Apple & App Developers Duck Data-Mining Suit

     SAN FRANCISCO (CN) – The lack of specific injury dooms a massive lawsuit accusing Apple and 14 app developers of mining iPhones and iPads for data, a federal judge said.
     IPhone user Oscar Hernandez initiated the dispute with a 2012 federal class action against Path Inc., a social-networking app for mobile phones. He alleged that Path gleaned sensitive data about the location and contact information of its users, minor children included, and stored such information so insecurely that it could be accessed by “even an unsophisticated hacker.”
     A federal judge in San Francisco gutted large portions of that action for lack of evidence that Path had intercepted users’ communications, a requisite for the Federal Wiretap Act. After the U.S. government found that Path had violated Federal Trade Commission rules by mining and storing data from minors, however, the parties settled with promises from Path to delete collected data and beef up its privacy policy.
     But the case fired up again after reports surfaced that other app developers – including big names like Twitter, Yelp, Instagram and “Angry Birds” maker Rovio – deploy a “friend-finder” function to rifle through users’ iPhones and iPads, looking to make connections.
     The disgruntled users joined forces to file a massive, consolidated complaint in Texas. A federal judge there dismissed the first amended complaint for violating court rules on length – 343 pages for 13 causes of action – and transferred the second amended complaint to U.S. District Judge Jon Tigar in California.
     This past fall the app developers and Apple asked Tigar to dismiss the case, noting that, even with 166 pages and 26 causes of action – including six that the Texas judge had dismissed – the users failed to show any sort of injury from the friend-finder function.
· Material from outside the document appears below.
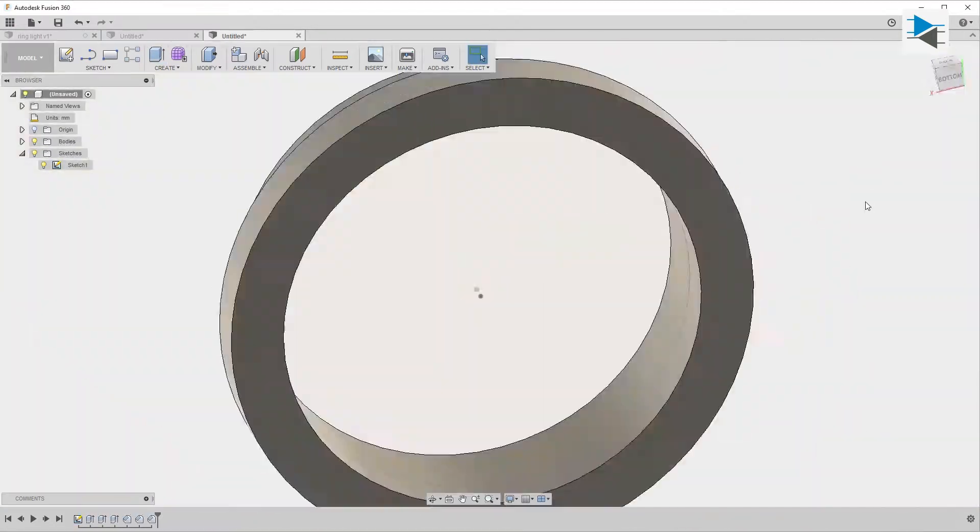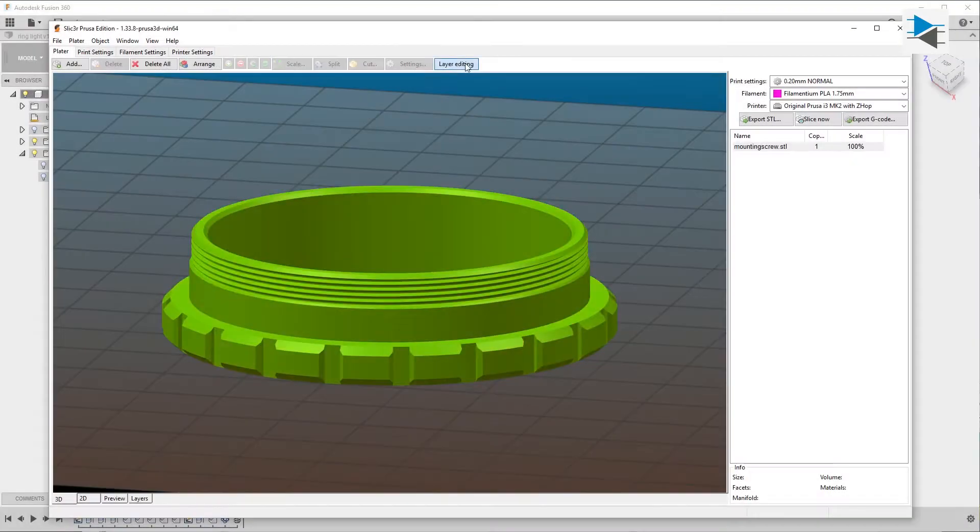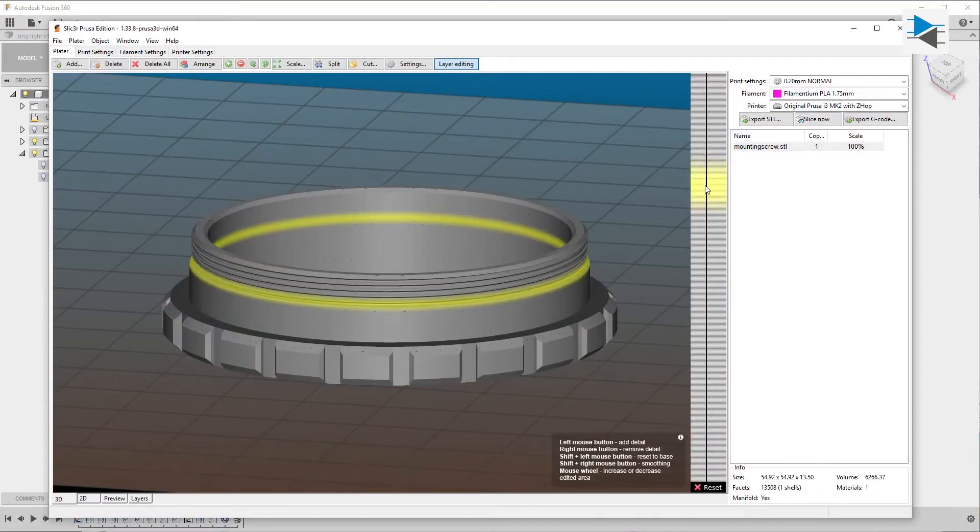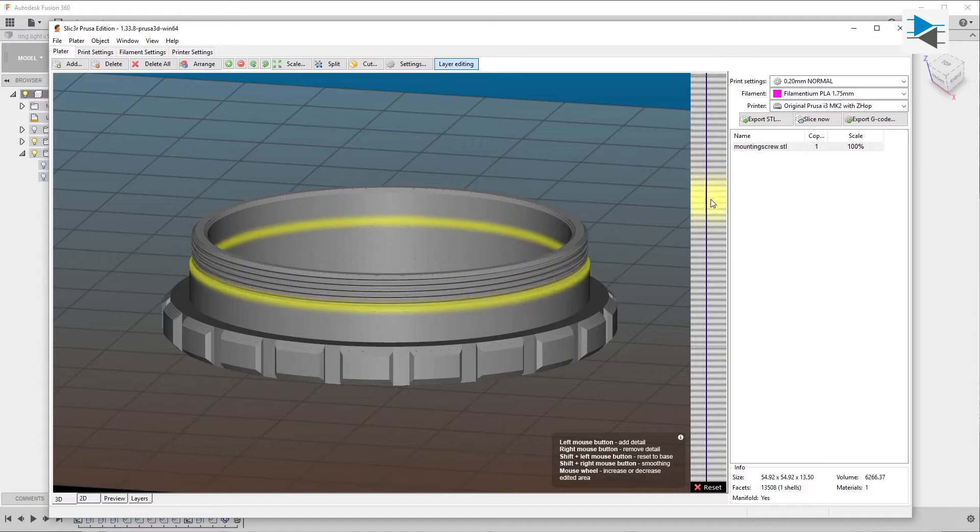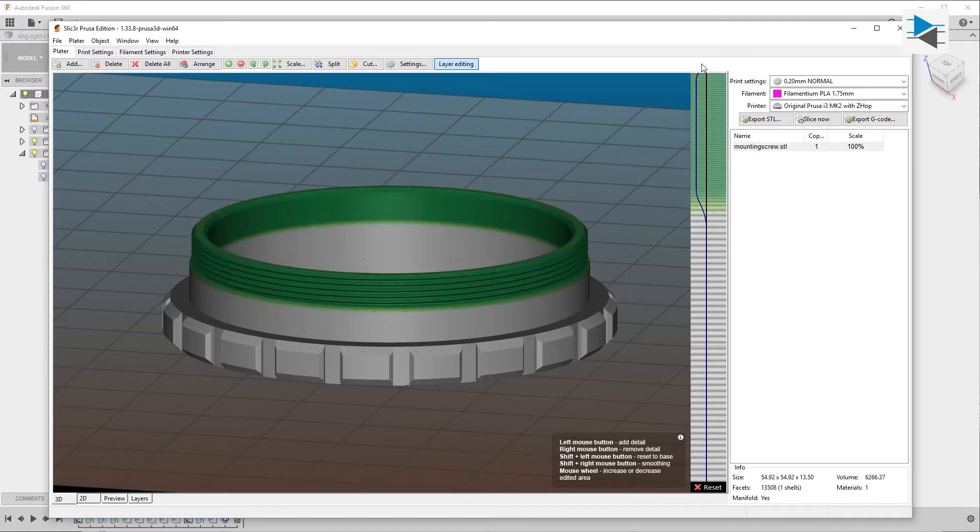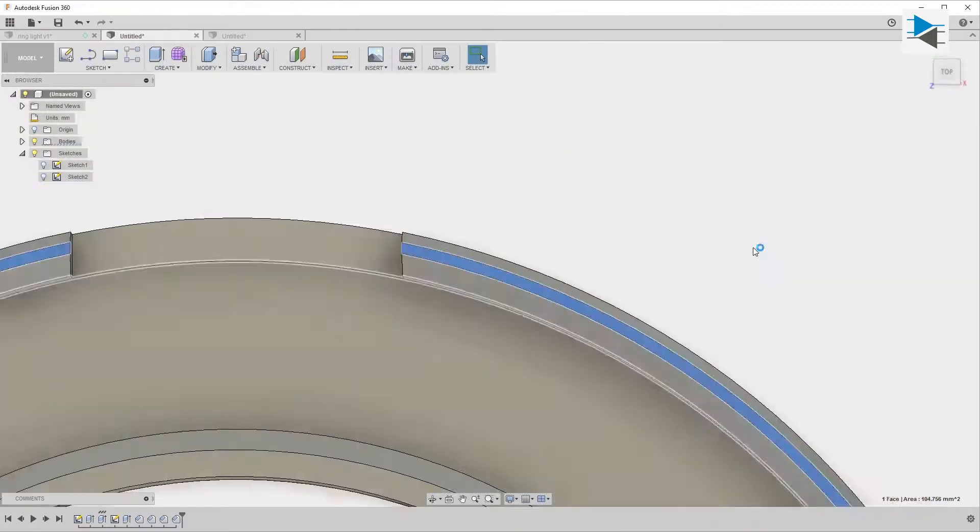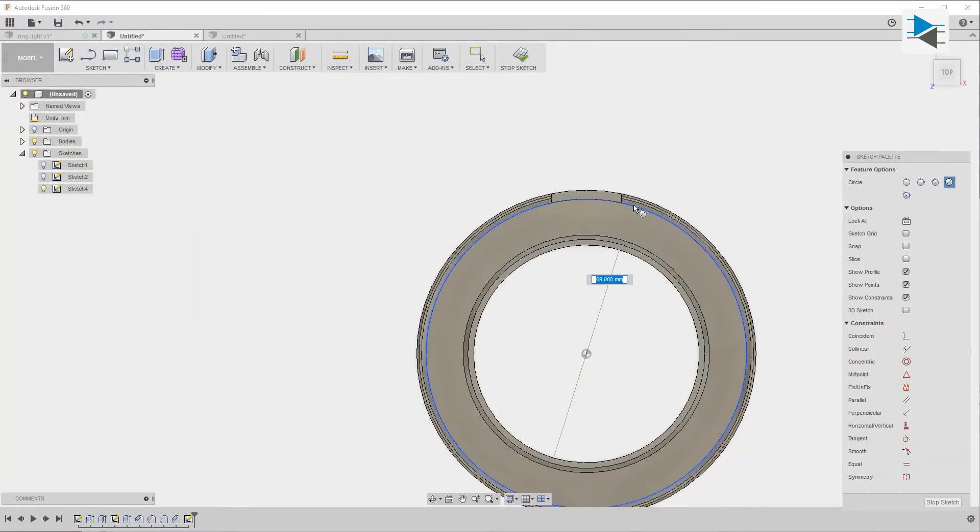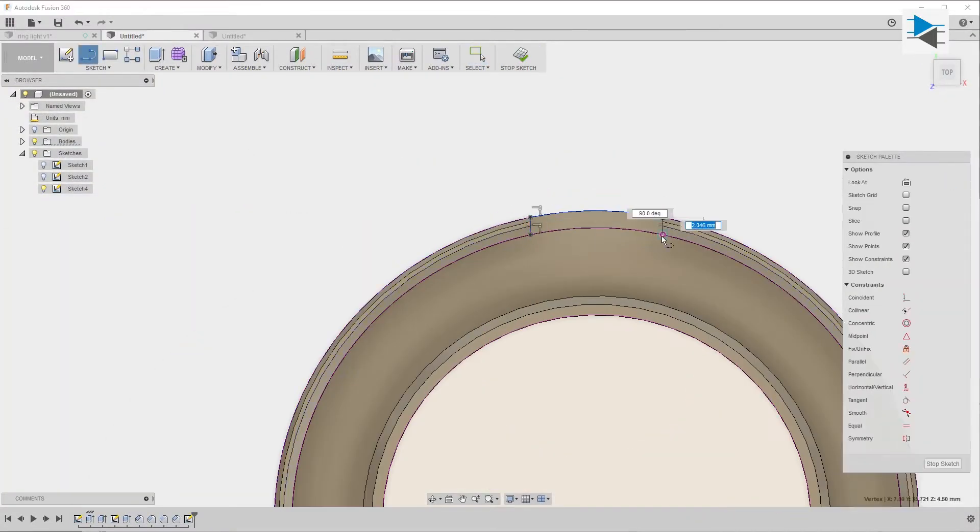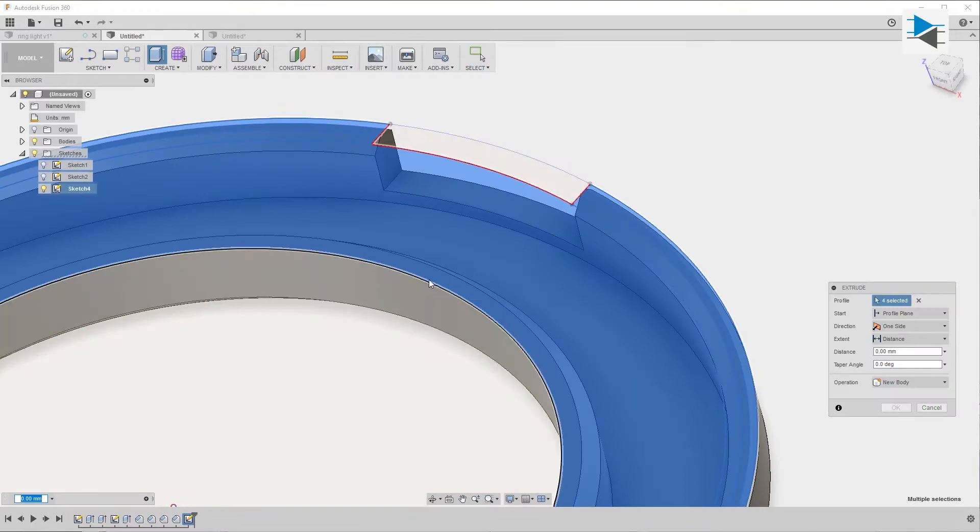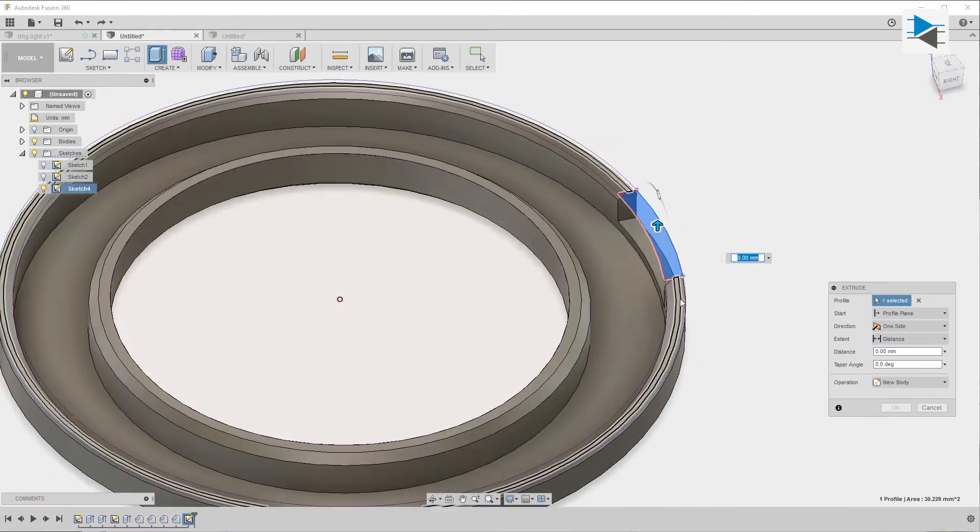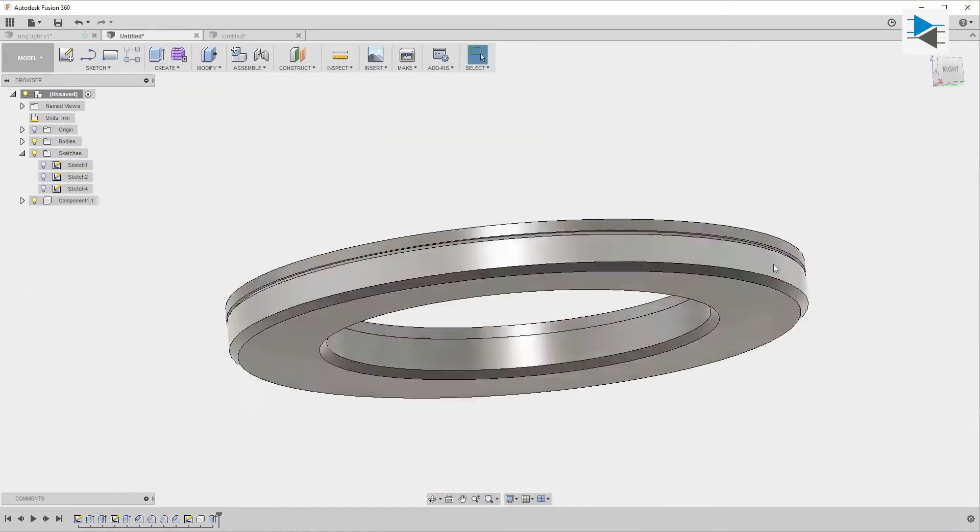I used a variable layer height function in the Prusa edition slicer to cut down on printing time, as fine tolerances are only needed in the thread portion. After revising the holder where the bottom layers are used as a diffuser, I came to the conclusion that the tolerance of the mounting piece are not quite where I want them.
     Tigar’s 57-page dismissal Wednesday, credits most of the points made by Apple and the app makers. While Tigar declined to go where Apple wanted – that the tech giant should not be held responsible for what app developers put in the App Store – he found the pleadings by Marc Opperman and other plaintiffs had changed very little from previous incarnations.
     Specifically, claims that the plaintiffs had been duped by a drawn-out false advertising campaign which painted Apple products as safe and secure lack the detail needed for them to continue, Tigar said.
     “First, it is not clear that any of the plaintiffs were actually exposed to Apple’s advertising campaign,” Tigar wrote.
     “Second, although the complaint alleges with sufficient specificity the length of the advertising campaign at issue – it alleges that the campaign began at least by 2008 and continued up through the filing of the complaint – it does not contain sufficient detail concerning the extent of the advertising,” Tigar added. “It is unclear from the complaint how often the advertisements were published, or in which media. Without more detail, the court cannot conclude that it would be ‘unrealistic’ to require plaintiffs to plead with specificity their exposure to each alleged misrepresentation.”
     The failure of the misrepresentation claim against Apple also neutralizes unfair-competition, false-advertising and consumer-claims, the judge said. The plaintiffs missed the mark as well in claiming Apple violated California’s computer fraud laws as well.
     “To the extent plaintiffs assert a Computer Data Access and Fraud Act claim based on Apple’s encouragement of the development of the offending features of the subject apps, those allegations are insufficiently pleaded,” Tigar wrote. “Each subsection of the statute plaintiffs assert incorporates expressly or by reference a requirement that the defendant acted ‘without permission.’ Courts in this district have interpreted ‘without permission’ to mean ‘in a manner that circumvents technical or code based barriers in place to restrict or bar a user’s access.'”
     In every case, the plaintiffs voluntarily installed, used and regularly updated the apps in question, according to the ruling. And although they might not have given the apps permission to access their address books, the plaintiffs also did nothing to block the apps from doing so, Tigar said.
     The judge did agree, however, that the plaintiffs had an expectation of privacy regarding their address books, finding that the “consent” to scan contacts that some of the apps obtained was invalid and best left for a jury to decide.
     On the other hand, the plaintiffs failed to show that the app makers had somehow publicly disclosed private information by transmitting over unsecure networks and public WiFi, according to the ruling.
     “While plaintiffs allege that their information could have been intercepted by third parties, they do not allege that any interception occurred, nor do they allege that it was ‘substantially certain’ that their address books would become ‘public knowledge,'” Tigar wrote, citing state law. “To satisfy the requirement, more specific allegations establishing the extent of disclosure are required.”
     The judge gave the plaintiffs another chance to fix the deficiencies in their complaint, and advanced the common-law “intrusion upon seclusion,” invasion-of-privacy claim against the app developers only. The plaintiffs have 30 days to file a new complaint.